Il
plenilunio di primavera illuminava le veglie della settimana santa. Nelle processioni penitenziali delle
“Quaranta ore”, il vecchio Guido Rizol, intonava lamentoso “Tibi
soli peccavi et malum coram te feci”. Tutti seguivano con i tratti del viso
segnati dalla contrizione. Davanti le donne col velo in testa come mussulmane,
dietro gli uomini con il capo chino, il cappello tra le mani dietro la schiena.

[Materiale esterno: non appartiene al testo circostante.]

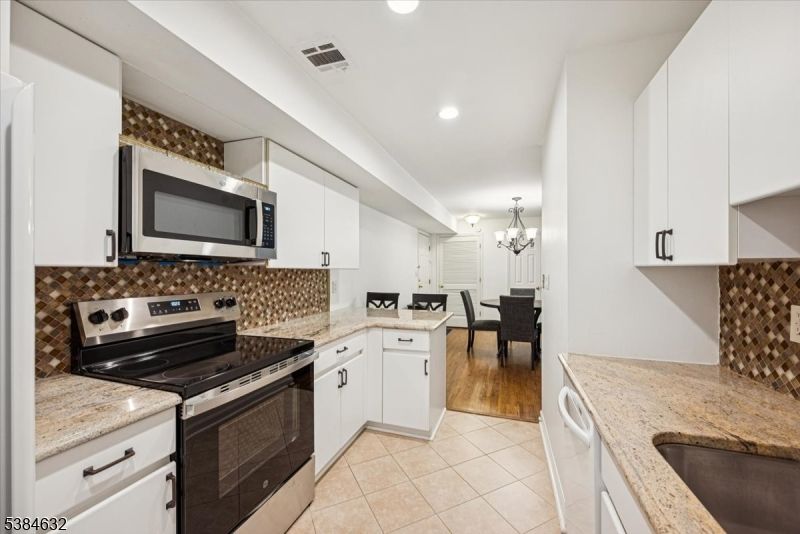 Chandelier, Dining room, Interior, Kitchen, Living room, Recessed Lighting, Stainless Steel Appliances, Wood Texture Flooring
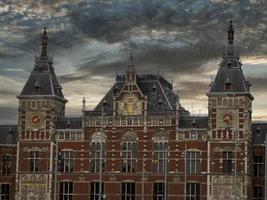 Central station in amsterdam old houses view from canals photo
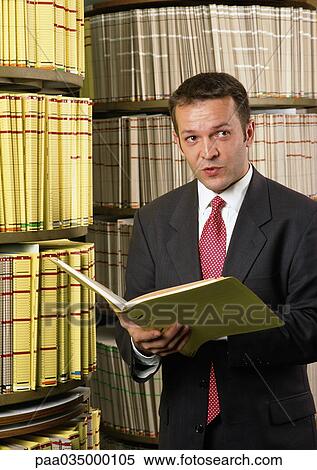 Man holding file, shelves in background View Large Photo Image Stock Photography - Man holding file, shelves in background. Fotosearch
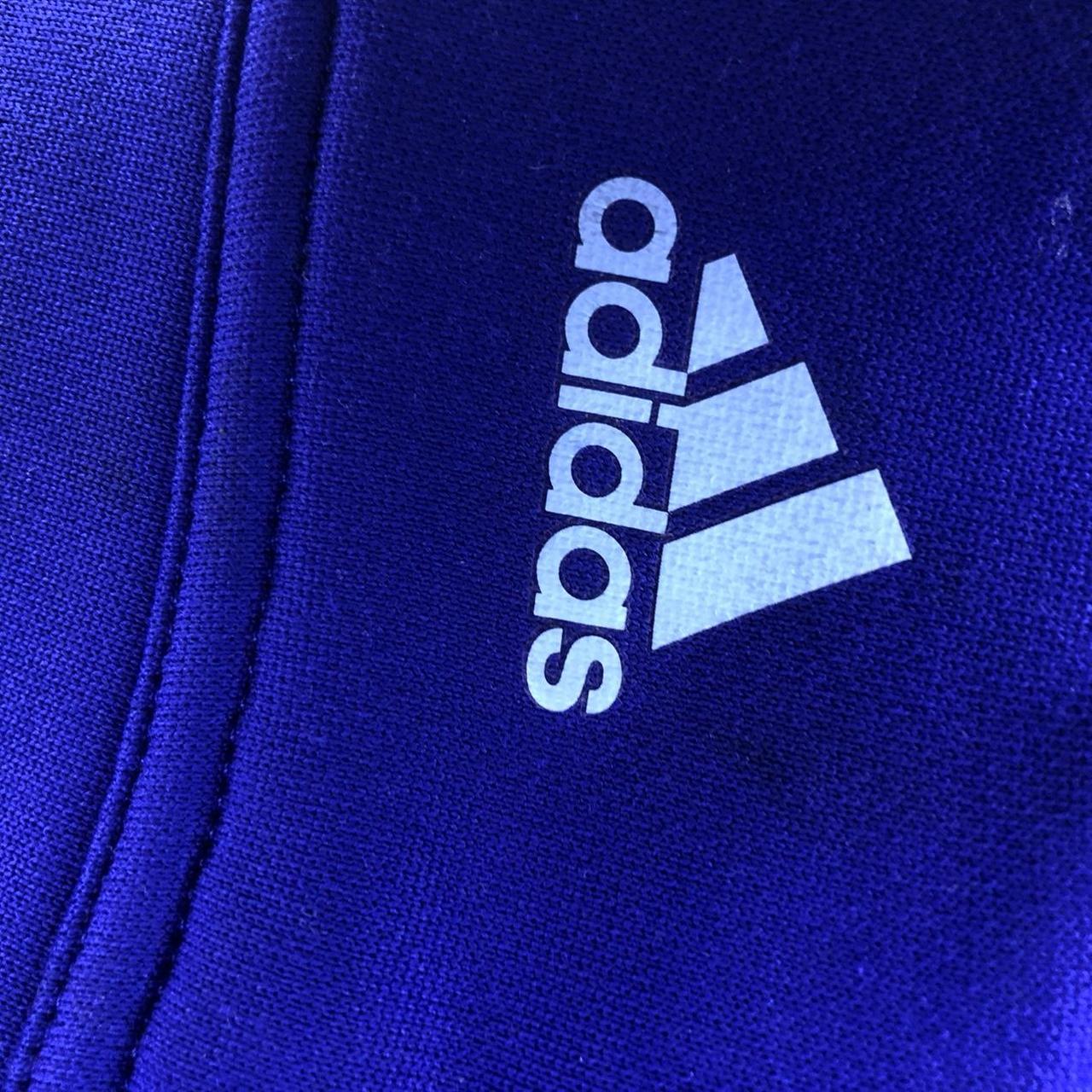 Purple and white adidas golf zip up size Child... Depop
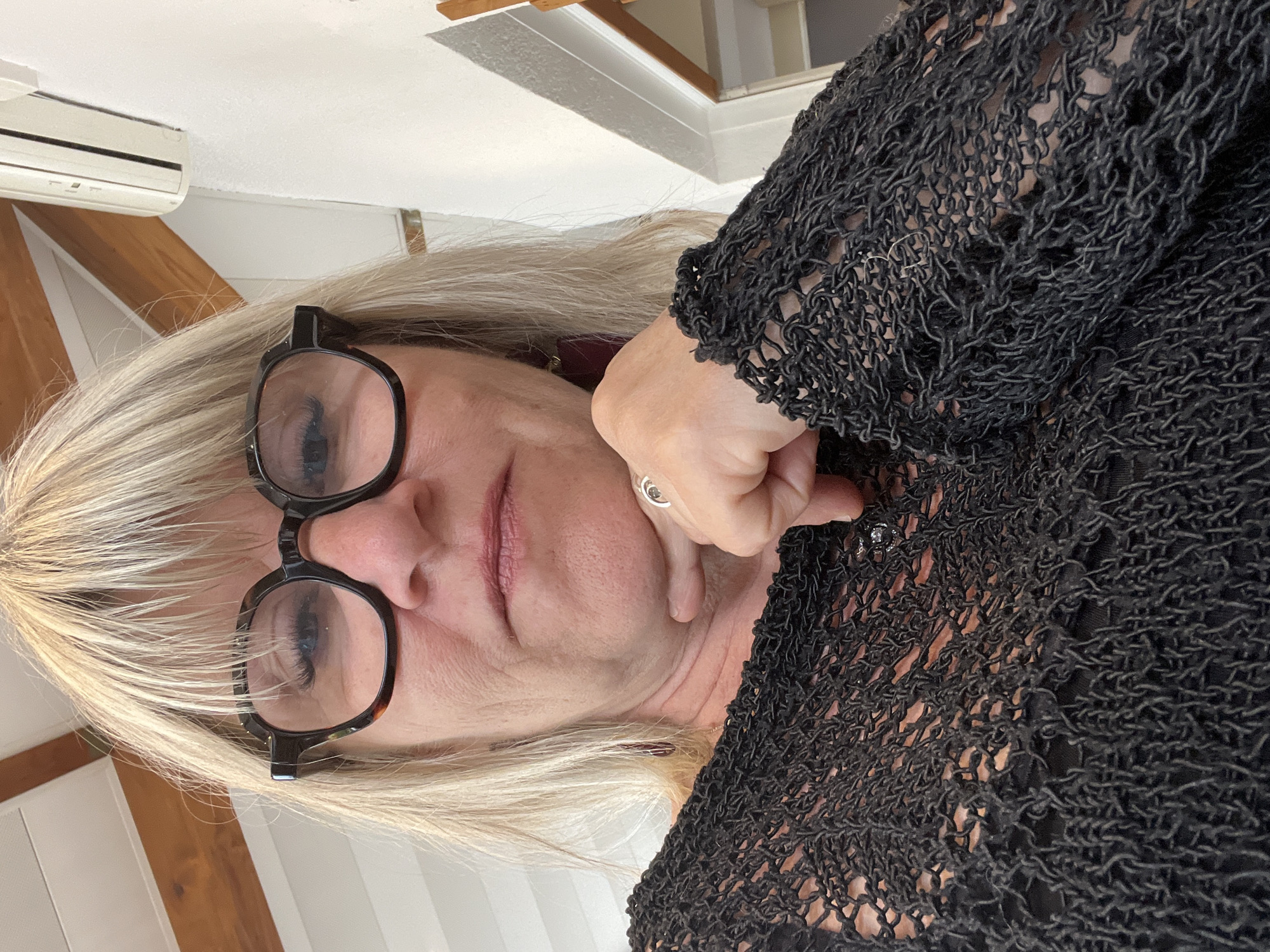 A middle-aged woman with short blonde hair, wearing glasses, is looking at the camera. She is wearing a black knitted top. The background appears to be the interior of a building, possibly with white walls and wooden beams. The location is identified as Grimaud, France. There are no explicit details to determine the precise location, so no interaction can be identified.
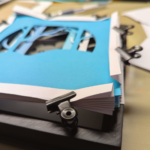 Vue d'un kirigami en cours de montage dans un cadre : les accordéons sont tenus par des pinces.
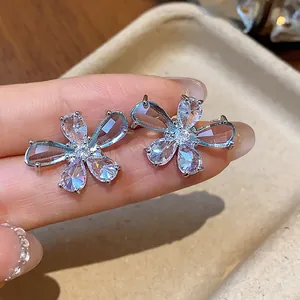 Close-up of zircon teardrop flower stud earrings showing intricate sparkle and detail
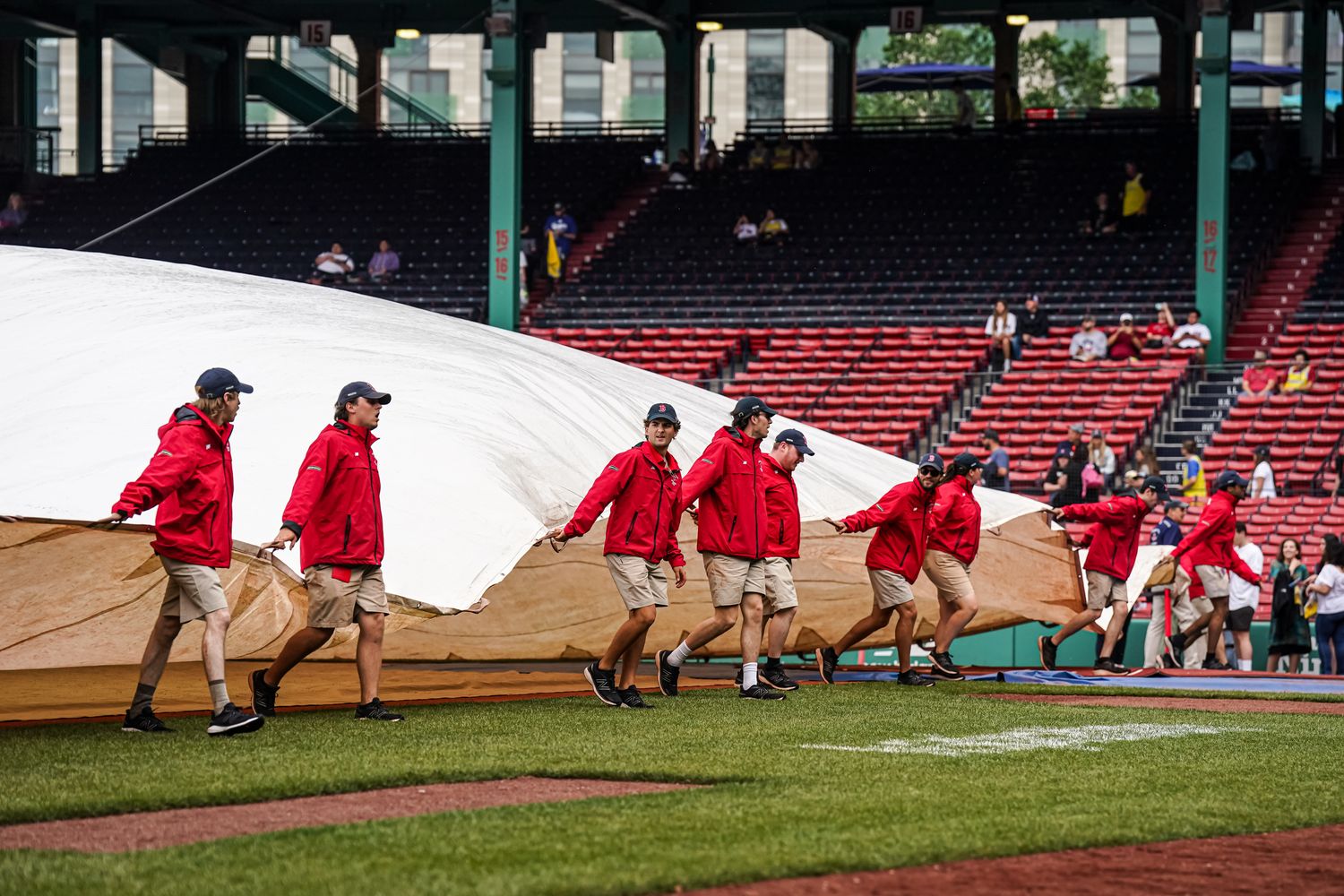 Jun 14, 2023; Boston, Massachusetts, USA; The Boston Red Sox field crew cover the field in anticipation of rain before the start of the game against the Colorado Rockies at Fenway Park.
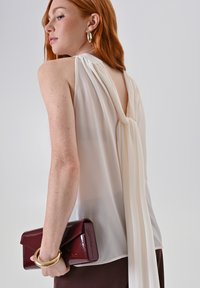 Bianchetta senza maniche con dettaglio drappeggiato sul retro, abbinata a una pochette bordeaux tenuta sotto un bracciale dorato. Tessuto morbido, design minimalista.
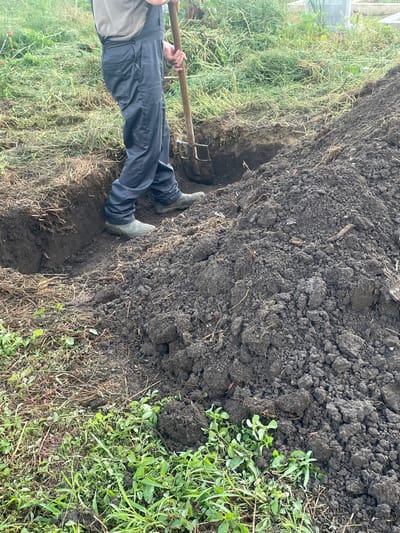 A person stands in a freshly dug trench, wielding a garden fork. The trench runs through soil covered with dry grass and some green weeds. A large pile of dark soil sits next to the trench. The person wears dark blue pants and rubber boots. The location is likely an outdoor garden or field environment. The exact location of Makariopolsko, Bulgaria, cannot be determined from the image.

Le risposte ai versetti nel latino maccheronico, si spegnevano stancamente in
fondo alla fila dove gli uomini, si
attardavano a parlare di vino da travasare.
I
fuochi accesi nei bracieri il sabato santo, la chiesa buia che si inonda di
luce e l’organo che fa vibrare i vetri delle navate al gloria che annuncia la
Pasqua cristiana.
Lava
me ab iniquitate mea et peccato meo munda me. ... et in peccatis
concepit me mater mea. Che peccati
avranno fatto i nostri vecchi se non cercare di sopravvivere alla povertà! Oggi
la mente ripete quei versetti biblici come mantra, intanto che cammino con
passi spediti nei boschi di Signoràc verso il Piz de le Agole. Saranno le
reminiscenze di collegio che affiorano alla superficie dello stagno come erbe
acquatiche. Così durante la settimana Santa nella mente garriscono versetti
biblici e frammenti di lamentazioni di Geremia profeta, come bandierine
tibetane preda del vento.
La
natura rinasce sui resti di decomposizione e morte. Questa ansia che prende le
erbe e gli animali al plenilunio di primavera comunica un desiderio contagioso
di purificazione, di liberarsi dalle scorie accumulate nei mesi d’inverno, di disporre
la mente a nuove rinascite.
Quante
volte si è fatto il proposito di imprimere un cambio di rotta decisivo alla
propria vita. Tanti fermi propositi però sono stati sopraffatti da qualche
occasione imperdibile.
Ora
che scendo di malavoglia il crinale fisico della vita, cerco ancora di capire
se è meglio crogiolarsi nei rimpianti o soffrire dei rimorsi. Il rimpianto è forse
nello struggimento del poeta, ma invidio il sorriso vissuto e la ragnatela di rughe
sul volto di qualche vagabondo che incontro per strada.
Oltre
la sella di Signoràc la strada scende verso le radure prative di Pernàia già
verdi. Dopo la salita nel bosco che esala nuovi profumi, di là degli ultimi
pini silvestri che sentono il vento delle creste, lo scoglio di porfido del Piz
de le Agole si svela all’improvviso.